Information:
··········

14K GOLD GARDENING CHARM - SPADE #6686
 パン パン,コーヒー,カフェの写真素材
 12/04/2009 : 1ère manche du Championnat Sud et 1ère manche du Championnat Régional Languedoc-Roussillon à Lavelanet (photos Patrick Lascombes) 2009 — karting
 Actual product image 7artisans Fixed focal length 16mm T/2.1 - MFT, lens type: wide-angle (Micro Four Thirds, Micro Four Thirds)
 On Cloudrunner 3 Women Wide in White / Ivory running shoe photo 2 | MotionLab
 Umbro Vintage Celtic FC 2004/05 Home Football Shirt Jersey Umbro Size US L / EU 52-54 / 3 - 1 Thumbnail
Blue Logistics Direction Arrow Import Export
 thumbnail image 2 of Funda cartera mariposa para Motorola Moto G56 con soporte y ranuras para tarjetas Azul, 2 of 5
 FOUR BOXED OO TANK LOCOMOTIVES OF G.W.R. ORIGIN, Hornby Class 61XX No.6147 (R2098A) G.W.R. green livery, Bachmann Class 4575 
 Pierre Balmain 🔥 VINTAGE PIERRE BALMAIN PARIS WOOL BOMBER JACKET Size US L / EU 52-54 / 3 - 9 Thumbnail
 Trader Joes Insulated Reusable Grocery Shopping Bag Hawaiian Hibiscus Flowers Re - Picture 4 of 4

··········

Task prompt:
The answer is the full set of records, printed exactly as given.

Response area:
14K GOLD GARDENING CHARM - SPADE #6686
 パン パン,コーヒー,カフェの写真素材
 12/04/2009 : 1ère manche du Championnat Sud et 1ère manche du Championnat Régional Languedoc-Roussillon à Lavelanet (photos Patrick Lascombes) 2009 — karting
 Actual product image 7artisans Fixed focal length 16mm T/2.1 - MFT, lens type: wide-angle (Micro Four Thirds, Micro Four Thirds)
 On Cloudrunner 3 Women Wide in White / Ivory running shoe photo 2 | MotionLab
 Umbro Vintage Celtic FC 2004/05 Home Football Shirt Jersey Umbro Size US L / EU 52-54 / 3 - 1 Thumbnail
Blue Logistics Direction Arrow Import Export
 thumbnail image 2 of Funda cartera mariposa para Motorola Moto G56 con soporte y ranuras para tarjetas Azul, 2 of 5
 FOUR BOXED OO TANK LOCOMOTIVES OF G.W.R. ORIGIN, Hornby Class 61XX No.6147 (R2098A) G.W.R. green livery, Bachmann Class 4575 
 Pierre Balmain 🔥 VINTAGE PIERRE BALMAIN PARIS WOOL BOMBER JACKET Size US L / EU 52-54 / 3 - 9 Thumbnail
 Trader Joes Insulated Reusable Grocery Shopping Bag Hawaiian Hibiscus Flowers Re - Picture 4 of 4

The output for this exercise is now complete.